As shown in the figure, points m and N are on the sides BC and CD of the square ABCD respectively. Given that the perimeter of the triangle MCN is equal to half of the perimeter of the square ABCD, the degree of the angle man is calculated
The detailed process of proving the angular equality of the second congruence

When △ adn is rotated 90 ° clockwise around point a, we can get △ Abe,  AE = an, be = DN,  Abe =  d = 90 degree,  NAE = 90 degree, and  ABC = 90 degree,  points m, B and E are collinear,  me = be + BM = DN + BM,  △ MCN is equal to half of the circumference of square ABCD,  Mn + NC + MC = DC + BC = DN + NC + MC + BM

The points Mn are on the sides BC and CD of the square ABCD respectively. Given that the perimeter of the triangle MCN is equal to half of the perimeter of the square ABCD, the degree of ∠ man is calculated?
Which theorem of square can be proved AN.AM Is the angular bisector of ∠ DAE and ∠ DAB,

From the question ~ we can get the relation ~ Mn = DM + BM, take a point E on Mn, so that DM = em, BN = en. Because it is a square, then we can get that am and an are the angular bisectors of angle DAE and DAB respectively ~ so the angle man = ∠ dam + ∠ ban, so the angle man is 45 degrees~

In the parallelogram ABCD, am ⊥ BC, an ⊥ CD, m and N are perpendicular feet.
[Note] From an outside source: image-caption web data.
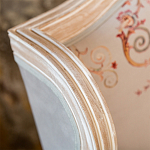 Кресло из массива бука серое с растительным орнаментом Raffael Floral Grey Armchair варинант исполнения - 4 | Loft Concept в Челябинске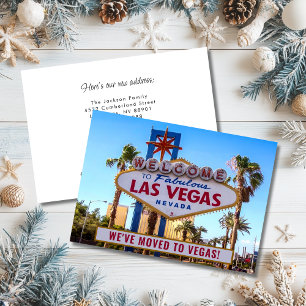 Faire-part Nous avons déménagé à Las Vegas Nouvelle maison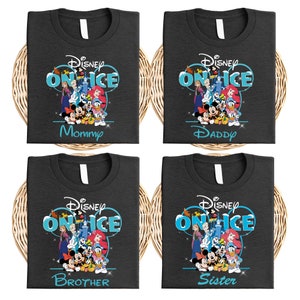 Disney On Ice Family Trip Shirt, Mickey On Ice Vacation T-shirt, Matching Family Tee, Mickey Family Trip 2025 Shirt, Disney On Ice Sweater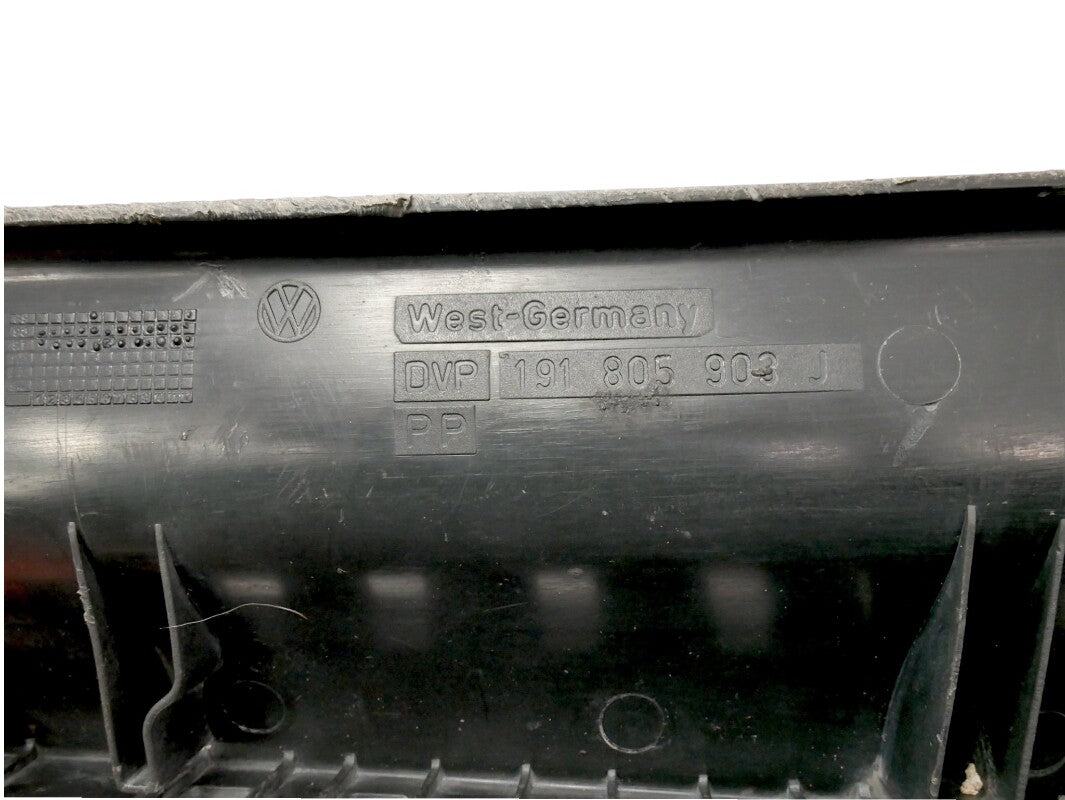 RH Big Bumper Lower Lip Spoiler 88-92 VW Jetta Golf MK2 Genuine - 191 805 903 J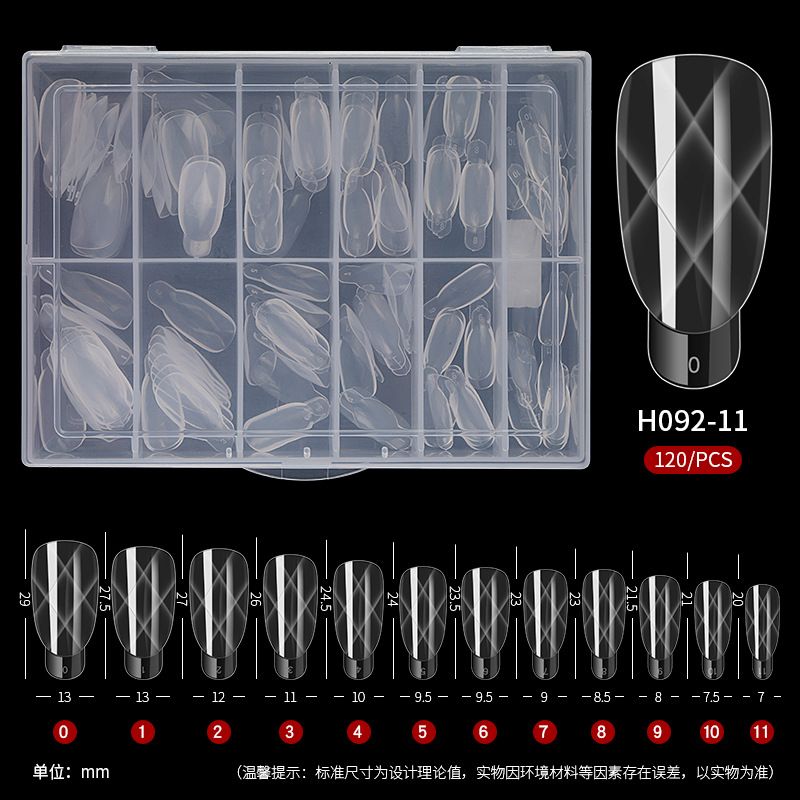 120Pcs/Box Dual Forms Mold UV Gel Quick Building Mold For Fake Nail Tip Extension Top Mold Nails Plastics Forms
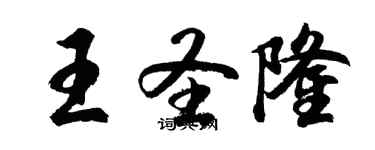 胡问遂王圣隆行书个性签名怎么写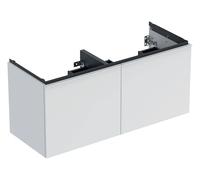 Geberit Acanto meuble sous lavabo double, 2 tiroirs et 2 tiroirs intérieurs, suspendu, 1184x541x475mm, 503.007.01.3, 503.007.01.3, Colorazione: Cassa e frontale: bianco / opaco, maniglia: bianco / opa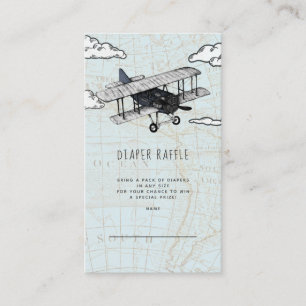 Recepción Tarjeta de cierre de Raffle de Diaper para Avión V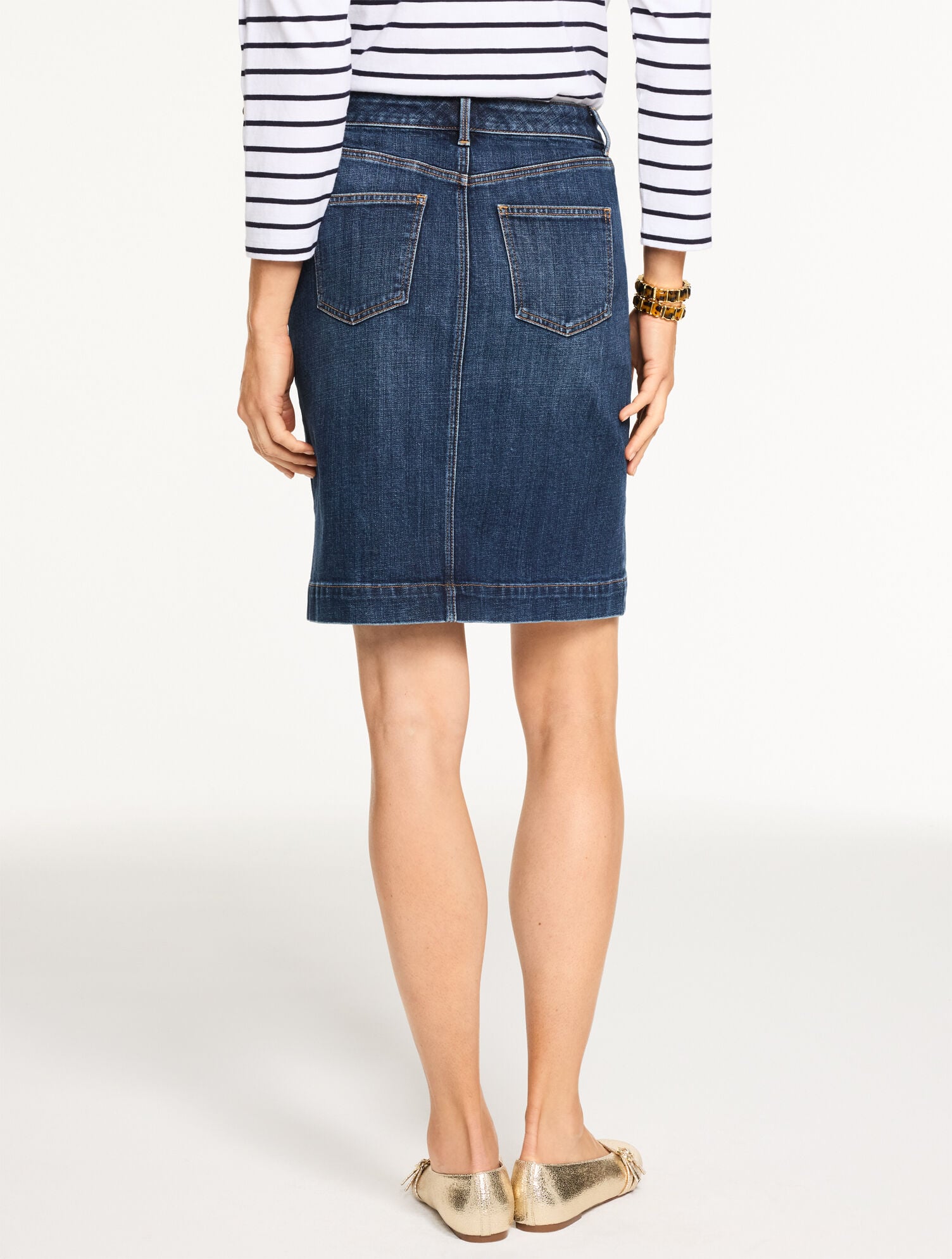 DENIM A-LINE SKIRT - ADELAIDE WASH | Talbots online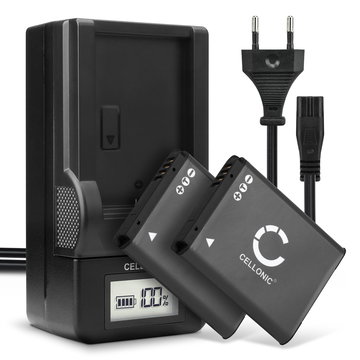 2x Kamera batteri til Samsung MV800 WB30f WB35f WB50f DV150f ST66 ST72 ST77 ST150f PL20 PL100 PL120 ES65 ES80 ES90 - Udskift BP70A AD43-00194A batteri + Oplader ekstra batteri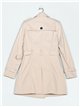 Long trench coat with buttons beige (M-L-XL-XXL)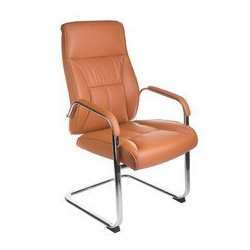  Fotel konferencyjny CorpoComfort BX-5085C Brązowy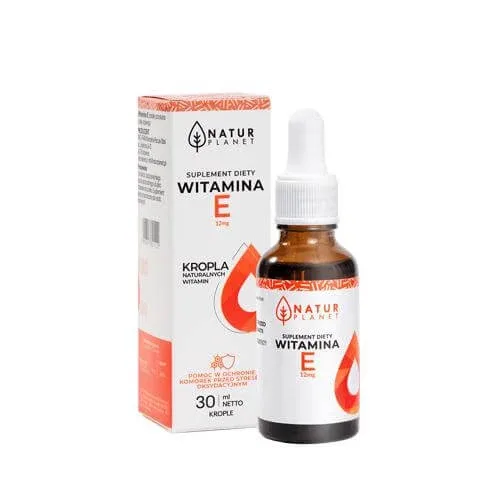 NaturPlanet Vitamina E picături - 30ml infopharm — preț și oferte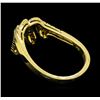 Image 3 : 0.35 ctw Diamond Ring - 14KT Yellow Gold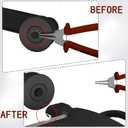 4 PCS Snap Ring Pliers Set, Heavy Duty Circlip Pliers Kit 7 Inch for Snap Ring Removal tool Retaining Straight Bent Lock Ring Pliers Set with Storage Case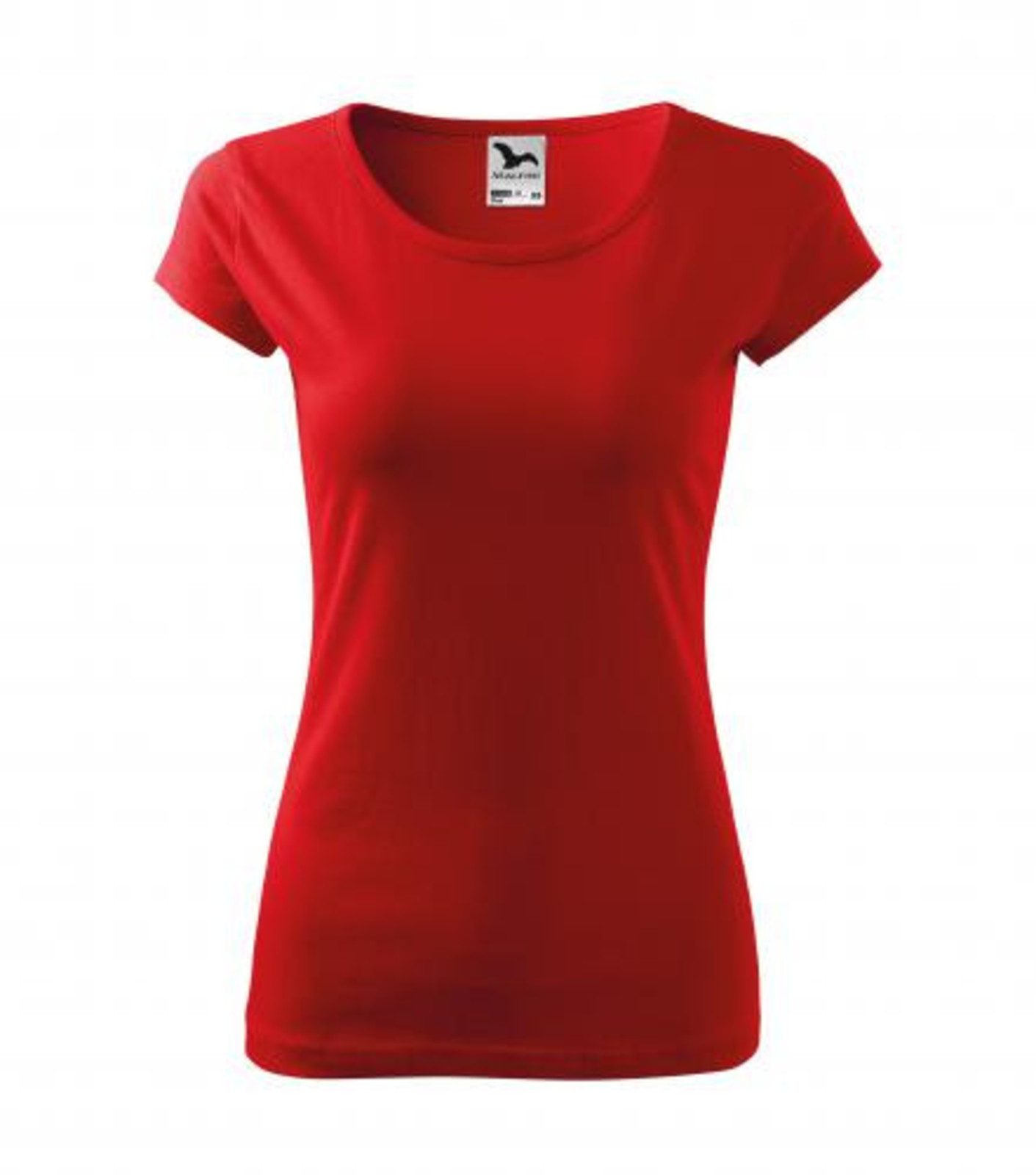 Dámske bavlnené tričko Malfini Pure 122 - veľkosť: M, farba: červená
If AB = 13, BM = 5 and MC = 9, the length of Mn is______ ．

In ∵ am ⊥ BC, ab = 13, BM = 5, ∵ RT △ ABM, am = AB2 − BM2 = 12, SINB = amab = 1213, ∵ quadrilateral ABCD is parallelogram, ∵ d = ∵ B, ∵ an ⊥ CD, ad = BC = BM + MC = 14, ∵ in RT ⊥ adn, sind = anad = 1213, ∵ an = 16813, ∵ amn, am = 12, ∵ B + ∠ ba

M. What is the relationship between the area of △ adn and the area of △ ABM

Two triangles have the same area,
Method 1
Suppose that m and N are the midpoint of BC and CD, and meet the condition of Mn / / BD; let ad side length be a, BC side length be B; the height of vertical ad side is H1, and the height of vertical BC side is H2, then the area of parallelogram is s = a * H1 or S = b * H2; that is, there is a * H1 = b * H2; because m and N are the midpoint respectively, then there is NC = 0.5cd = 0.5bc = 0.5B; cm = 0.5ad = 0.5A; thus the area of quadrilateral ABCN is S1 = 0.75b * H2; the area of quadrilateral AMCD is S2 = 0.75a * H1; the area of quadrilateral ABCN is S1 = 0.75b * H2; the area of quadrilateral AMCD is S2 = 0.75a * H1; That is, S1 = S2; and because the area of triangle ABM S3 = s-s2;
The area of triangle adn is S4 = s-S1; so S3 = S4; that is to say, the area of triangle ABM and triangle adn are equal
Method 2
Suppose that m and N are infinitely close to B and D respectively; that is, Mn is infinitely close to BD, then the areas of triangle adn and triangle ABM are equal, close to 0; (or suppose that two points are infinitely close to C, then the areas of two triangles are close to half of parallelogram, that is, equal)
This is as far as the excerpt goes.